# Made a big scene during class--now I'm talking more.



## shelovescliche (Dec 17, 2006)

It's not really something to be proud of, but my teacher's been excessively blaming me for absences because I'm sick, and telling me that I shouldn't be out at all.

So last week I finally lashed out about it. We got in a fight in the middle of class, and I actually wasn't thinking about anyone watching me--I yelled at her, and I didn't freak out about what other people thought :].

I'm only proud of it, though, because ever since then, I've been talking so much more in my classes--I'm not as nervous. I haven't had this kind of reprieve since I was first diagnosed with SAD.

I've been talking to people I barely even know--only to join in on a conversation, of course, I still don't have the nerve to start any myself--and I've found myself smiling more; just more confident overall.

My guess is it's because I made a scene of myself and talked about semi-personal issues, and there were at least twenty people watching. Whatever the case, it feels really nice.

I'm hoping I'll only improve from here on out. :nw


----------



## OneSADClown (Apr 14, 2004)

wow congrats.. i can't remember the last time that happened to me, but it must feel great to be able to be outgoing in certain situations you felt uncomfortable in before.. i guess the fact that the anger made you open up and show everyone how you felt, without the regular and negative thought process that goes with it on a usual basis ("what will they think?", "am i sounding stupid?", etc.), you've now crossed that confidence line with that crowd and feel at ease talking to them.. that's great!

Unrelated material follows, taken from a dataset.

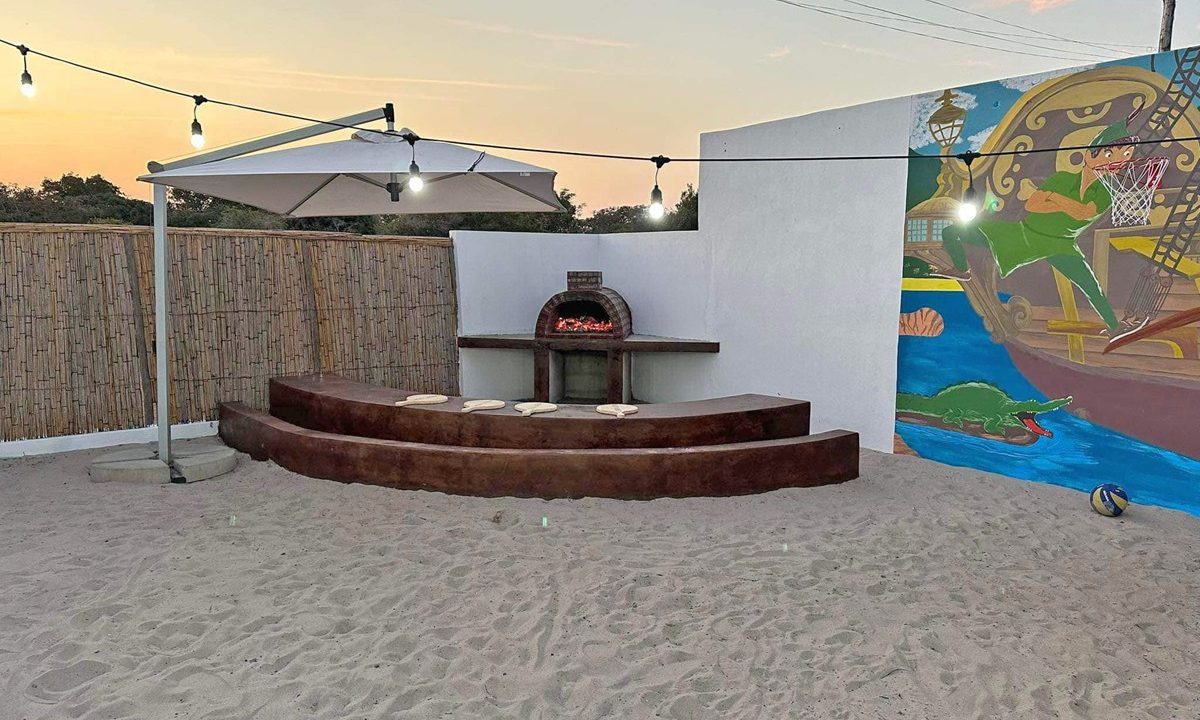 casa_lagoa_14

i wish we could make that happen without the need to get frustrated or reach our breaking point.. that would really be ideal..


----------



## nesteroff (Nov 14, 2003)

Wow that took some guts. Good for you. I hope you continue to improve.


----------



## Strength (Aug 12, 2006)

This is another example of how a person has no SA when they are pissed off, and how you were able to parlay that into something constructive.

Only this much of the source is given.